En el corazón de la capital imperial, bajo la luz difusa de la tarde, Strax caminaba por el mercado central con una expresión preocupada. A su lado, dos figuras ocultas bajo pesadas capas se movían discretamente entre la multitud. El aroma de las especias, los asados y el metal recién trabajado se mezclaba con el zumbido incesante de los mercaderes que llamaban a los clientes, pero Strax apenas registraba ninguno de estos detalles.

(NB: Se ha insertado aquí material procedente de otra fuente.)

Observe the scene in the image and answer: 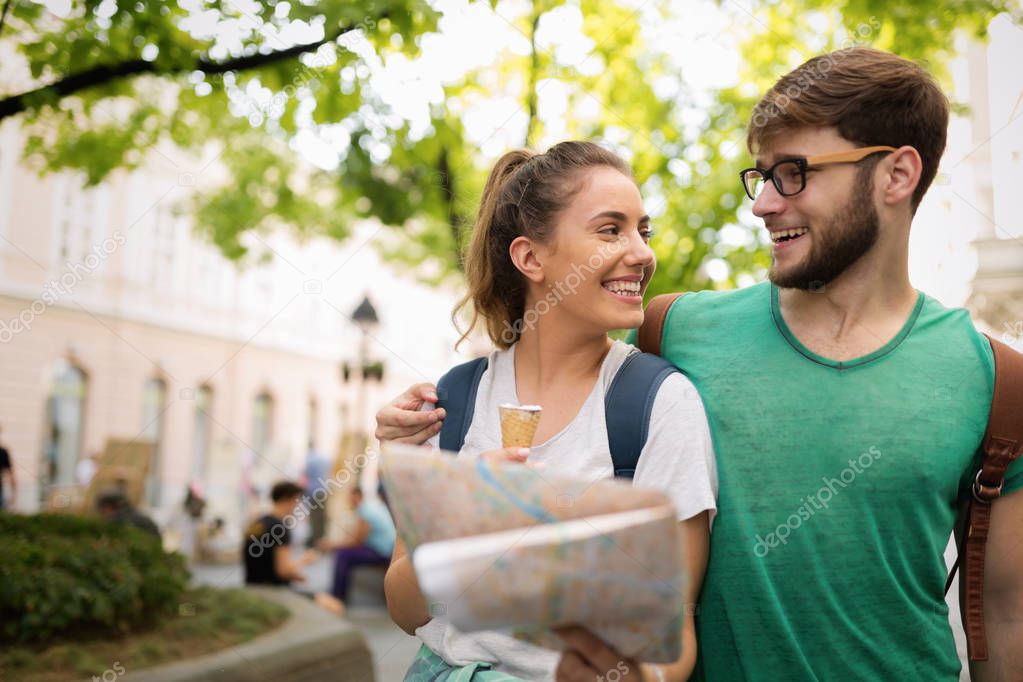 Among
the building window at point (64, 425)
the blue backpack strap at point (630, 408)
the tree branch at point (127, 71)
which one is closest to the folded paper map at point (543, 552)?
the blue backpack strap at point (630, 408)

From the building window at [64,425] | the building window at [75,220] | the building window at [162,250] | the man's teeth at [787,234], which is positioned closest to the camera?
the man's teeth at [787,234]

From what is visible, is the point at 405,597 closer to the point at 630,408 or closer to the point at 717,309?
the point at 630,408

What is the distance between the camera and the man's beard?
2311mm

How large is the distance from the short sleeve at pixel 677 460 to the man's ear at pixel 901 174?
0.78 meters

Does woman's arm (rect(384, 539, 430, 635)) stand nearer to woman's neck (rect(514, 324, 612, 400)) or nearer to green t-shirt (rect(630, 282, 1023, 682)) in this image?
woman's neck (rect(514, 324, 612, 400))

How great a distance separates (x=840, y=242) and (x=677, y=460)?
70cm

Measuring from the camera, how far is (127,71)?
5.19 metres

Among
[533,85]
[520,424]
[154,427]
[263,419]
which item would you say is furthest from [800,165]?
[263,419]

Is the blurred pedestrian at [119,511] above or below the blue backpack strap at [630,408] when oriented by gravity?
below

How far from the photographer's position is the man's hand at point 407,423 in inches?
91.8

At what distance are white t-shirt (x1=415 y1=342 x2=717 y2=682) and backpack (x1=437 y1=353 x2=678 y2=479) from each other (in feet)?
0.06

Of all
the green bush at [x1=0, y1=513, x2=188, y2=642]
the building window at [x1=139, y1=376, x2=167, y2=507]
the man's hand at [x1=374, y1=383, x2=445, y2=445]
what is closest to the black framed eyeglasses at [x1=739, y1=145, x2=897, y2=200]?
the man's hand at [x1=374, y1=383, x2=445, y2=445]

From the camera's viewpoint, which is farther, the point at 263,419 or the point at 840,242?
the point at 263,419

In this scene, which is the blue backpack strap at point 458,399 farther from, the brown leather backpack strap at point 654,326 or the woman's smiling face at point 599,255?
the brown leather backpack strap at point 654,326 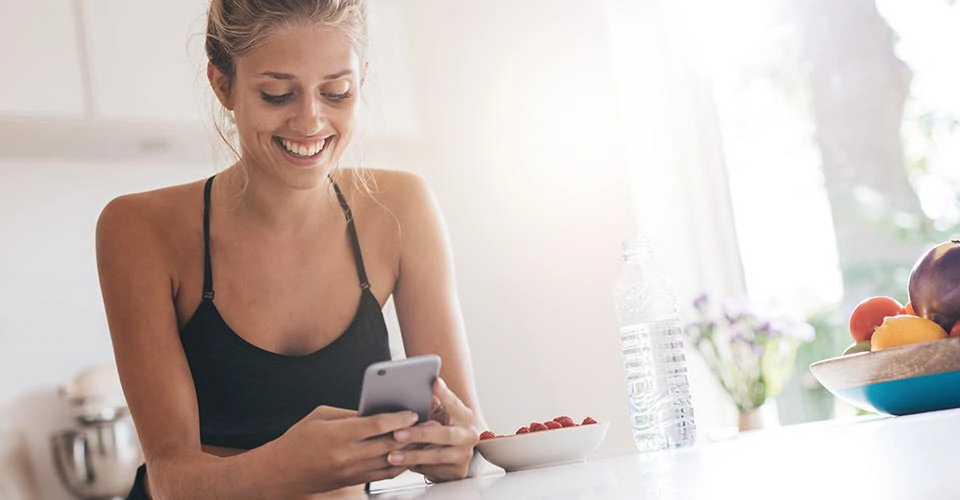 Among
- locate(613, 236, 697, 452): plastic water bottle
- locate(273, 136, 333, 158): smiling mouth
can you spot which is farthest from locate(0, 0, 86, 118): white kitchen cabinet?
locate(613, 236, 697, 452): plastic water bottle

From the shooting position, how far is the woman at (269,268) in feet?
4.84

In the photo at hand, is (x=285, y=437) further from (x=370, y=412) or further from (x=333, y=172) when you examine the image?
(x=333, y=172)

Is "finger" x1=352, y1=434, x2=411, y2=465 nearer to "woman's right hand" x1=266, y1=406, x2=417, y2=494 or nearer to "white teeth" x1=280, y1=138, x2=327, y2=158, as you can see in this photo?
"woman's right hand" x1=266, y1=406, x2=417, y2=494

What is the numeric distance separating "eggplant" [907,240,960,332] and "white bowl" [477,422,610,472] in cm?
36

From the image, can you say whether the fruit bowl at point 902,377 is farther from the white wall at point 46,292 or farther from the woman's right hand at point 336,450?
the white wall at point 46,292

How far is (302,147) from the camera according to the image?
1.56 m

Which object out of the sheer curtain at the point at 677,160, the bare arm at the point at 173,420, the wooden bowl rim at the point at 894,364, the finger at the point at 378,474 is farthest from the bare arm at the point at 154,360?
the sheer curtain at the point at 677,160

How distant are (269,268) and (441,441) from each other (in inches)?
28.2

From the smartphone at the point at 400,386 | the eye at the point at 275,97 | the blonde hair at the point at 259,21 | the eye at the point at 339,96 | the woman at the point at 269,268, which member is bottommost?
the smartphone at the point at 400,386

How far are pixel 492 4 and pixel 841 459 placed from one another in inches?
107

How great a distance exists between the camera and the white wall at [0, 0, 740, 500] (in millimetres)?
2805

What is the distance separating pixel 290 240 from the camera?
1.78m

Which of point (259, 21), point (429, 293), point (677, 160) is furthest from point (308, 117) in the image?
point (677, 160)

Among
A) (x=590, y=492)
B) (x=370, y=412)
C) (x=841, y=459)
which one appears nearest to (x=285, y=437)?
(x=370, y=412) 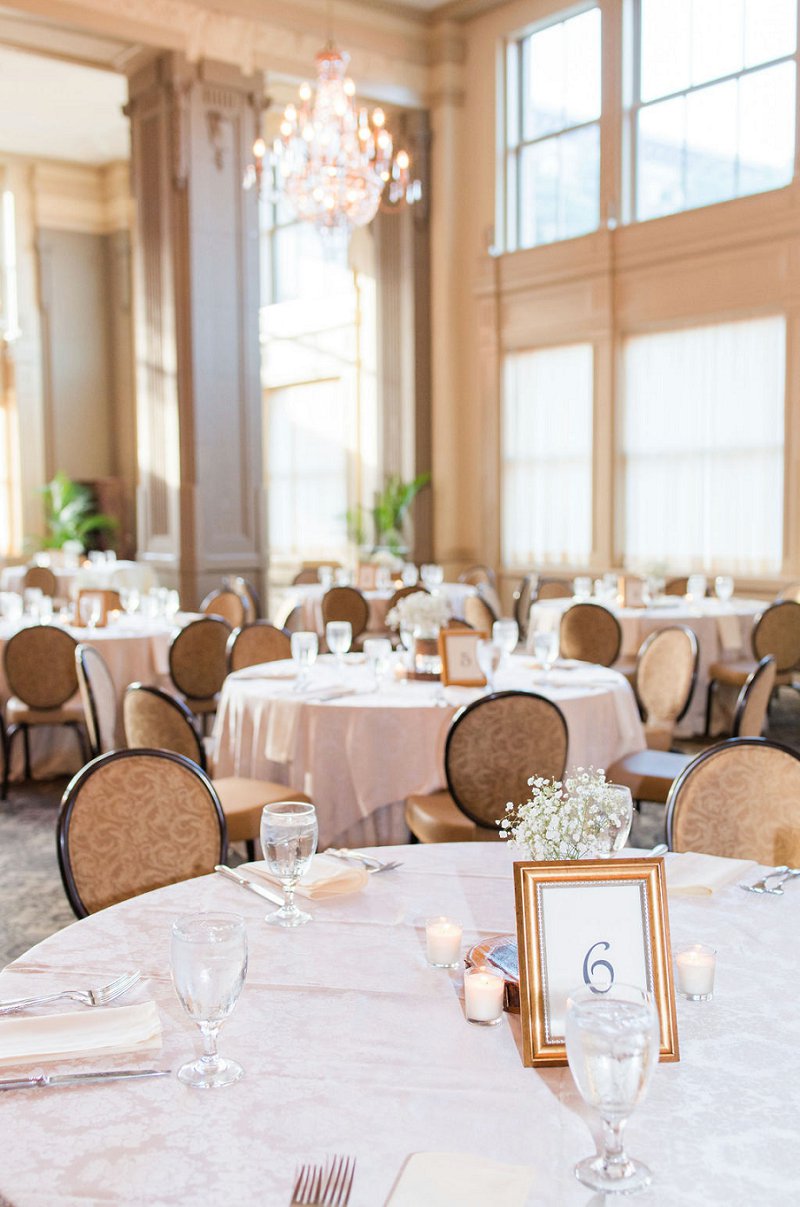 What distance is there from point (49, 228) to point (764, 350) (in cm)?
911

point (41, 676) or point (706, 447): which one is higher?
point (706, 447)

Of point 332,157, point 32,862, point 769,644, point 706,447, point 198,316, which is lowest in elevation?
point 32,862

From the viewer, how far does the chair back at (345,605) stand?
8023mm

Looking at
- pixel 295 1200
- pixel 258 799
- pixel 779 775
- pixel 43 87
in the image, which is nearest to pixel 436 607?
pixel 258 799

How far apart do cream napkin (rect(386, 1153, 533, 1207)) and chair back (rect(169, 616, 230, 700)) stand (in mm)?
4711

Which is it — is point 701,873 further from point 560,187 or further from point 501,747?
point 560,187

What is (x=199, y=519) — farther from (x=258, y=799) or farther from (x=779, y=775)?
(x=779, y=775)

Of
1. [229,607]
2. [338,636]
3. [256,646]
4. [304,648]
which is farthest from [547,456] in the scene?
[304,648]

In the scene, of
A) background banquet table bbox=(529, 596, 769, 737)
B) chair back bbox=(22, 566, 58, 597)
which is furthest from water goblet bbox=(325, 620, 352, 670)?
chair back bbox=(22, 566, 58, 597)

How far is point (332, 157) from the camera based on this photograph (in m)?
7.49

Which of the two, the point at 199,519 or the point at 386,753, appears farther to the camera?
the point at 199,519

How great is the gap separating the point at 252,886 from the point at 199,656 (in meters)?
3.97

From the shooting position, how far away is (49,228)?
14000 mm

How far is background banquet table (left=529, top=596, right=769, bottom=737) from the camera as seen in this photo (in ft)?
23.1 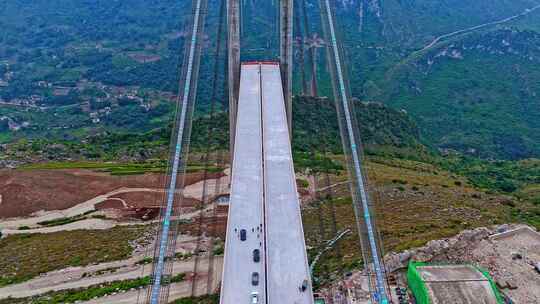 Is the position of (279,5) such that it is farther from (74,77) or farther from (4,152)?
(74,77)

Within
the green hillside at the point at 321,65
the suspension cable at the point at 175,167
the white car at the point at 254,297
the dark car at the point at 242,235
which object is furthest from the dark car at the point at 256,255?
the green hillside at the point at 321,65

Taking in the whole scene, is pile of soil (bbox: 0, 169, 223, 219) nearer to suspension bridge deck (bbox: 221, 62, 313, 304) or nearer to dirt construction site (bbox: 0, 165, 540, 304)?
dirt construction site (bbox: 0, 165, 540, 304)

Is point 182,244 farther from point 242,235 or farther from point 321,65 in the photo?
point 321,65

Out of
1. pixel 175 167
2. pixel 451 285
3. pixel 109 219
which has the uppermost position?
pixel 175 167

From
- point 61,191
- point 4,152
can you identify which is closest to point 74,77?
point 4,152

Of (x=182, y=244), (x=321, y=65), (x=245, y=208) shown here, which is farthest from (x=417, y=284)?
(x=321, y=65)

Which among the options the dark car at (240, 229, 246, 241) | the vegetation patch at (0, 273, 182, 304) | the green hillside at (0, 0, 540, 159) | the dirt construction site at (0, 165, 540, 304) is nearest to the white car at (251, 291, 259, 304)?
the dark car at (240, 229, 246, 241)

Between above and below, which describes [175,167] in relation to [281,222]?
above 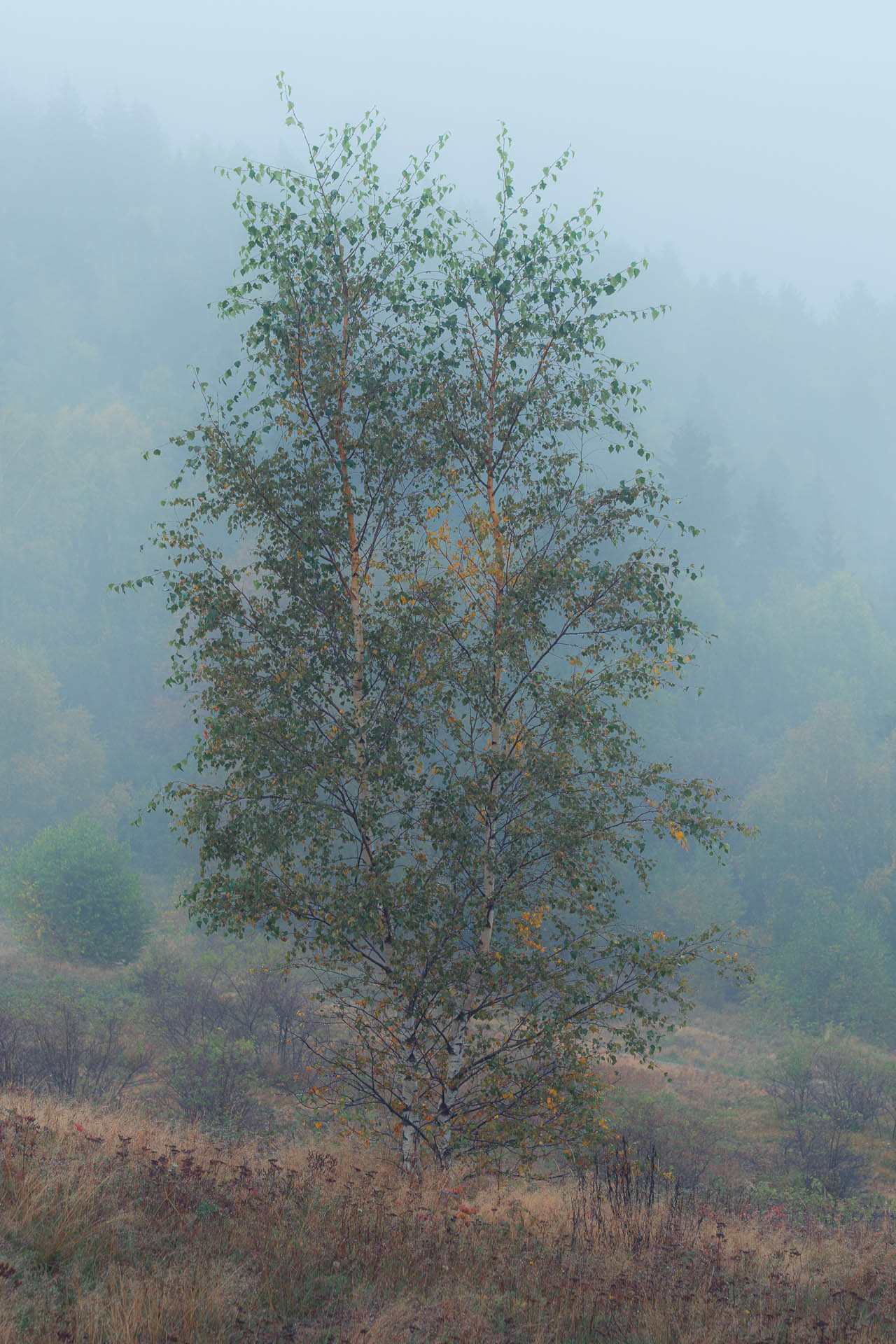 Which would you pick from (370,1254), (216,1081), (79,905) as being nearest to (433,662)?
(370,1254)

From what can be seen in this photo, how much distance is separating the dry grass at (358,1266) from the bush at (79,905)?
23.3 m

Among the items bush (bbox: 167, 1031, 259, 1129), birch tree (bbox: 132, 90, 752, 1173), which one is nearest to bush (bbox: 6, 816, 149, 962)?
bush (bbox: 167, 1031, 259, 1129)

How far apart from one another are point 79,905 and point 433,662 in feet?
79.2

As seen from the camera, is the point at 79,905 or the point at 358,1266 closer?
the point at 358,1266

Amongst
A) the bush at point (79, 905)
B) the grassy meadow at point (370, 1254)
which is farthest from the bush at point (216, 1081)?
the bush at point (79, 905)

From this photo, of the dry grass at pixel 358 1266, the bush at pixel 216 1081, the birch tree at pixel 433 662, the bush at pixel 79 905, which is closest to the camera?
the dry grass at pixel 358 1266

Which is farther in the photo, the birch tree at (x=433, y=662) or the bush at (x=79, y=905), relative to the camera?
the bush at (x=79, y=905)

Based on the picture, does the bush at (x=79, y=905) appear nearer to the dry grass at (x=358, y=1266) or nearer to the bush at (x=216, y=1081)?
the bush at (x=216, y=1081)

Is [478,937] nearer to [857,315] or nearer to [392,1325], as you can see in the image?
[392,1325]

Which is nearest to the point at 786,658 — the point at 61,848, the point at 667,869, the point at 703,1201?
the point at 667,869

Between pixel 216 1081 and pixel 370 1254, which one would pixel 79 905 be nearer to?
pixel 216 1081

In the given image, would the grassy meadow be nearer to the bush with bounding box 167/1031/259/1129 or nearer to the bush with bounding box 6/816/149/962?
the bush with bounding box 167/1031/259/1129

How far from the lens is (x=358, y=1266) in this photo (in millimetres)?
5016

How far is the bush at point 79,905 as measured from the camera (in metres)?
28.3
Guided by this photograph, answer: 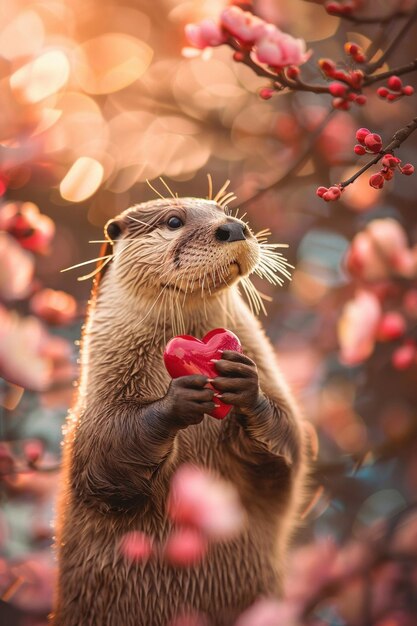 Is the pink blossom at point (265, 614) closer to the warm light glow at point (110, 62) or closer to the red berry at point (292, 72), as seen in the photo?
the red berry at point (292, 72)

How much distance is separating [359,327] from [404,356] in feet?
0.35

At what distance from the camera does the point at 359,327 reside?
4.89 ft

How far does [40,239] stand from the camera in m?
1.26

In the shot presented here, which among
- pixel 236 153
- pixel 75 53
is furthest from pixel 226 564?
pixel 75 53

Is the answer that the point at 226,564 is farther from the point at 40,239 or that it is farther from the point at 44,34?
the point at 44,34

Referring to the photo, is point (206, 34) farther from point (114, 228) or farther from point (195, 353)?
point (195, 353)

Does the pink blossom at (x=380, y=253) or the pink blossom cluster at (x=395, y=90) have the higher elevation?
the pink blossom cluster at (x=395, y=90)

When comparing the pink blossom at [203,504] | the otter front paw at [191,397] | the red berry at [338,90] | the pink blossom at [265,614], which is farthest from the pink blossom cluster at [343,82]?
the pink blossom at [265,614]

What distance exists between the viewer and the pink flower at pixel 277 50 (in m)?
0.88

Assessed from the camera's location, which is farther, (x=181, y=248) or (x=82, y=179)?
(x=82, y=179)

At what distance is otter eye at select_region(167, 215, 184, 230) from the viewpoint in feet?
2.92

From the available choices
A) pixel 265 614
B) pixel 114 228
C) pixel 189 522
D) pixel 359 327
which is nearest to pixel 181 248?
pixel 114 228

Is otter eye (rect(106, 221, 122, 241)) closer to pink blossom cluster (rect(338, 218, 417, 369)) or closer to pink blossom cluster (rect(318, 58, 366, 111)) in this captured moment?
pink blossom cluster (rect(318, 58, 366, 111))

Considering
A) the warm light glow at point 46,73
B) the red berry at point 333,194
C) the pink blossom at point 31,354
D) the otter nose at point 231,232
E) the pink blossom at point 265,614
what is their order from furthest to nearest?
the warm light glow at point 46,73, the pink blossom at point 31,354, the pink blossom at point 265,614, the otter nose at point 231,232, the red berry at point 333,194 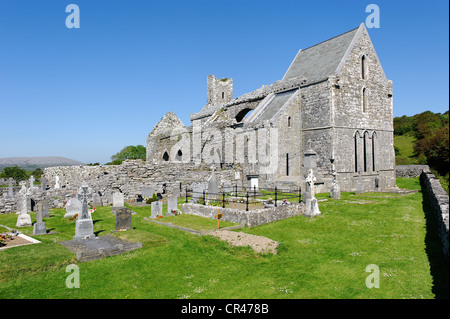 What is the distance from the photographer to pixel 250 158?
23734 mm

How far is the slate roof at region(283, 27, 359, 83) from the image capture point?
22359 mm

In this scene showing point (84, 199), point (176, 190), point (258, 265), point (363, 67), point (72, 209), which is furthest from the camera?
point (363, 67)

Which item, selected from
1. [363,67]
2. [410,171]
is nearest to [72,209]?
[363,67]

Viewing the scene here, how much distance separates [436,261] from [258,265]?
416 centimetres

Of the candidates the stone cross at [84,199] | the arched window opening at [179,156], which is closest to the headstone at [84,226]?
the stone cross at [84,199]

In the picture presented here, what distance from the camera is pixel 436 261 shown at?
707cm

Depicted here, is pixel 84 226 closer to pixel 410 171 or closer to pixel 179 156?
pixel 179 156

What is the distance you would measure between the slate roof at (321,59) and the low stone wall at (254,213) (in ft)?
40.0

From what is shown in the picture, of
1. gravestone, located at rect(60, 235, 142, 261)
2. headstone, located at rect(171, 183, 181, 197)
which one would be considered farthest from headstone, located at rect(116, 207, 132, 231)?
headstone, located at rect(171, 183, 181, 197)

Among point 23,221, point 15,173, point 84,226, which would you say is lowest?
point 23,221

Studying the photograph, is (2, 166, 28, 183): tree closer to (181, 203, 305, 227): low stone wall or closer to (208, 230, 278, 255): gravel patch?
(181, 203, 305, 227): low stone wall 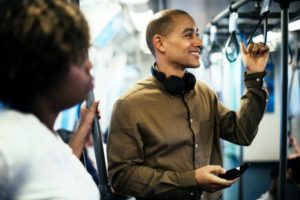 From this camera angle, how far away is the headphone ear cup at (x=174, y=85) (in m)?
1.39

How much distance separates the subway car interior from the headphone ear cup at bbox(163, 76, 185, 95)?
298 millimetres

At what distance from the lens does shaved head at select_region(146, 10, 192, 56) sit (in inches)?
58.1

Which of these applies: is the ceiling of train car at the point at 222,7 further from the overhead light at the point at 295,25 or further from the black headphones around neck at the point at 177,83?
the black headphones around neck at the point at 177,83

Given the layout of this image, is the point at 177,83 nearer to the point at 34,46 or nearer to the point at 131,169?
the point at 131,169

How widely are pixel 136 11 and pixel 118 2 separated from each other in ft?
0.69

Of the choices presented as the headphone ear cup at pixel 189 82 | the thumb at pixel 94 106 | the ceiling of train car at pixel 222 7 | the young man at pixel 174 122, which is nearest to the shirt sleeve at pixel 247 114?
the young man at pixel 174 122

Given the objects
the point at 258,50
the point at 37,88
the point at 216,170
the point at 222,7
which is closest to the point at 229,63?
the point at 258,50

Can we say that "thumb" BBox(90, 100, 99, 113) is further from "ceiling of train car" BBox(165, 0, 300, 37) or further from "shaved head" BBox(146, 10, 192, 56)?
"ceiling of train car" BBox(165, 0, 300, 37)

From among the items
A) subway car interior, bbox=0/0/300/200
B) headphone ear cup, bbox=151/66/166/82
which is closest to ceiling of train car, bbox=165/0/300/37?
subway car interior, bbox=0/0/300/200

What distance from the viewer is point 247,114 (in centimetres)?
141

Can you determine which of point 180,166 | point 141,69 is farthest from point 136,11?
point 141,69

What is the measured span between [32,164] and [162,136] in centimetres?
70

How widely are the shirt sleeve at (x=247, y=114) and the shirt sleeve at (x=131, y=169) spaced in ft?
1.10

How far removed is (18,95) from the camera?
2.38 feet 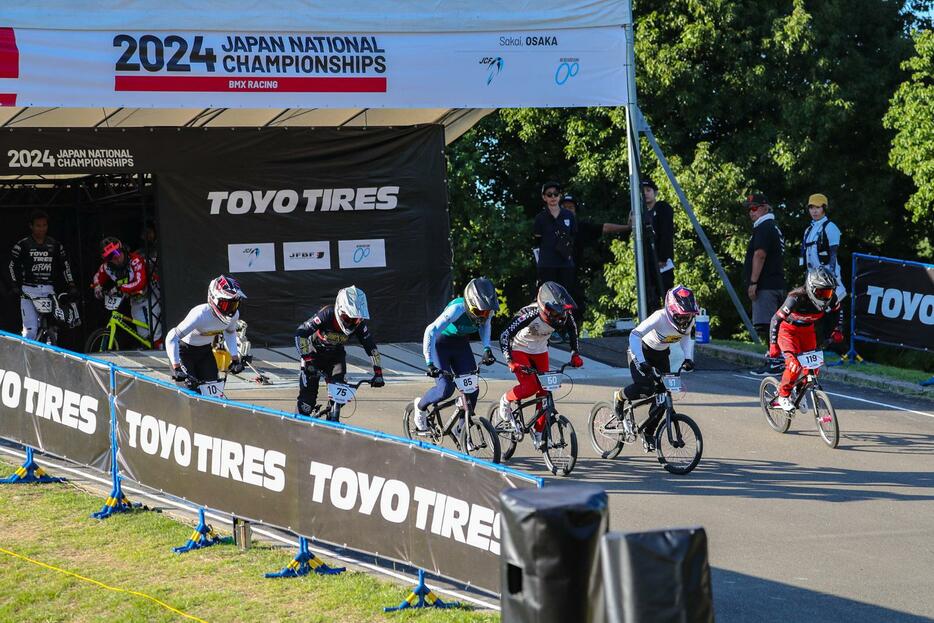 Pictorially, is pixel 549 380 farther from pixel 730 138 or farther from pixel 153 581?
pixel 730 138

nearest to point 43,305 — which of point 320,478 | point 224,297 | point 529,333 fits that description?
point 224,297

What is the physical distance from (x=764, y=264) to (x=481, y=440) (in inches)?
288

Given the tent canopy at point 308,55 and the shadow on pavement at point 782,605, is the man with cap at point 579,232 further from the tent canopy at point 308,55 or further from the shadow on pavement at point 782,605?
the shadow on pavement at point 782,605

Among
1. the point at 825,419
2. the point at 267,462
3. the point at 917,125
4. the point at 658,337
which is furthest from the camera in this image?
the point at 917,125

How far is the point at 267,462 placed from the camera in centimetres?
932

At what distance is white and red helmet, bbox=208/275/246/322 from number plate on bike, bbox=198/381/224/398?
0.68 meters

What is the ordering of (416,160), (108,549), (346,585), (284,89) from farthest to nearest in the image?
(416,160), (284,89), (108,549), (346,585)

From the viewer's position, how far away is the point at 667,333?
12953 mm

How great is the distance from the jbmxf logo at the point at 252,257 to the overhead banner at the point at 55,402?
6675mm

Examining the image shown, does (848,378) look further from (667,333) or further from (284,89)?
(284,89)

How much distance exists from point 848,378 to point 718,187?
10340mm

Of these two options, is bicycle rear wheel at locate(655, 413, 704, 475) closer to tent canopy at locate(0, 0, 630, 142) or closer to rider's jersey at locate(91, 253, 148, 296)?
tent canopy at locate(0, 0, 630, 142)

Sus pensamientos estaban fijos en una sola cosa.

Xenovia.

—No me dejaron verla, sin más —su voz denotaba un tono de incredulidad e irritación mientras se cruzaba de brazos, todavía intentando procesar lo que había ocurrido a las puertas del palacio.

A su lado, Tiamat mantenía la capucha calada sobre el rostro, pero su rígida postura delataba su frustración. —¿No te parece extraño? —preguntó ella con un tono tranquilo pero atento, mientras sus ojos dorados brillaban por un instante bajo la sombra de la capa—. Tu hermana no es alguien que se ponga enferma con facilidad.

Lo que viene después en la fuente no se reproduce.